Agents (in assets/agents/)

AgentPurpose
rfc-reviewerReview RFC drafts for completeness, normative language quality, clause coverage, cross-references
adr-reviewerReview ADR drafts for context quality, decision clarity, alternatives, honest consequences
wi-reviewerReview work items for acceptance criteria structure, category correctness, description quality
compliance-checkerVerify code conforms to normative RFC clauses and ADR decisions — detect spec violations in implementation

Rationale

  1. Writers need conversation context. An RFC writer must know why the user is creating the RFC — what problem, what constraints, what existing artifacts relate. Skills run inline and have full context.

  2. Reviewers benefit from cognitive isolation. When the main agent writes an artifact and then reviews it, confirmation bias is unavoidable. An isolated review agent has no memory of authoring — it evaluates purely on quality criteria.

  3. Compliance checking is auditing, not writing. The compliance-checker agent cross-references source code against normative RFC clauses (MUST/MUST NOT) and ADR decisions. It is distinct from artifact reviewers — those check if an artifact is well-written, this checks if code follows what artifacts specify. Isolation ensures no “I wrote this code so it must conform” bias.

  4. Seven separate, not consolidated. Each capability is genuinely different. Each stays well under 250 lines.

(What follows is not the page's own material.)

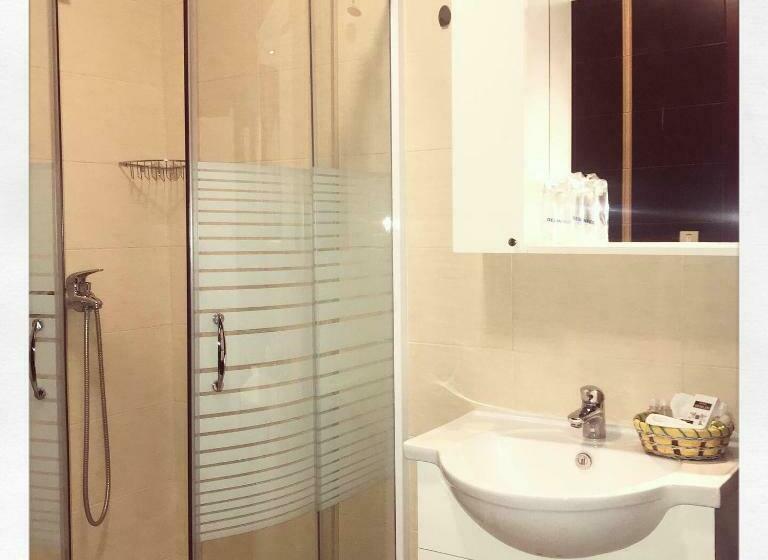 اتاق لوکس خانوادگی, Garni Hotel Semlin B&b
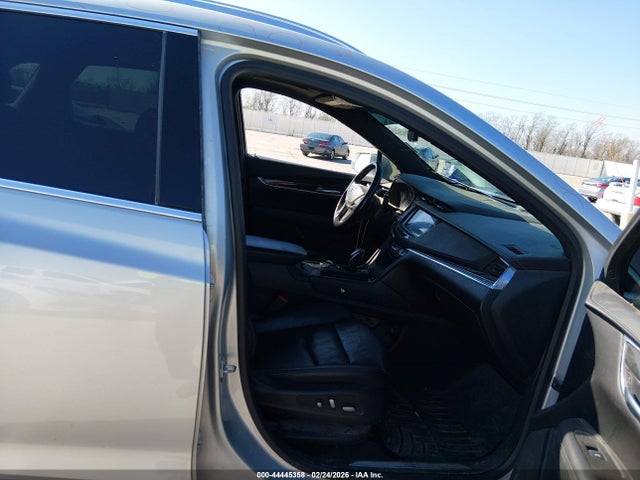 44445358 :رقم المزاد ، 1GYKNDRS4LZ176517 vin ، 2020 Cadillac Xt5 Awd Premium Luxury مزاد بيع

The ~15% shared knowledge (govctl commands, [[ref]] syntax) is 3-5 lines of duplication — not worth coupling distinct capabilities to eliminate.

Integration

  • /discuss and /gov commands will reference writer skills for quality guidance
  • Review agents can be invoked at quality gates (e.g., after drafting, before finalization)
  • compliance-checker can be invoked during /gov Phase 4 (testing) or on demand
  • sync-assets.sh already syncs both skills/ and agents/ directories

Consequences

Consequences

Positive

  • Writers augment the main agent with domain knowledge while preserving conversation context
  • Reviewers provide unbiased quality checks through cognitive isolation
  • Compliance checker catches spec violations that govctl check cannot (it validates references exist; the agent validates semantic conformance)
  • Seven focused items follow “one skill, one capability” — each stays under 250 lines
  • Future artifact types get their own skill + agent pair without touching existing files
  • sync-assets.sh already supports the directory structure (ADR-0023)

Negative

  • 7 files to maintain (mitigation: each is small and focused, changes are rare)
  • ~15% knowledge duplication across items (mitigation: 3-5 lines per file, not worth abstracting)
  • Review/audit agents lack conversation context (mitigation: they evaluate on merit, which is the point)
  • Compliance checking is inherently imprecise — agent may flag false positives (mitigation: output is advisory, not blocking)

Neutral

  • Existing /discuss and /gov commands continue to work unchanged initially; skills/agents integration is additive
  • govctl check continues to handle structural validation; compliance-checker handles semantic validation — complementary, not competing

Alternatives Considered

All skills: Make both writers and reviewers skills. Rejected: reviewers lose cognitive isolation, confirmation bias when main agent reviews its own work.

All agents: Make both writers and reviewers agents. Rejected: writers lose conversation context, cannot access why the user is creating the artifact.

4 consolidated items (governance-writer + wi-writer, governance-reviewer + wi-reviewer): Rejected: RFC and ADR capabilities are genuinely different, merging creates a skill that branches on artifact type — special cases we want to eliminate.

2 consolidated items (one writer, one reviewer): Rejected: work items differ fundamentally from RFCs/ADRs, no shared domain knowledge worth coupling.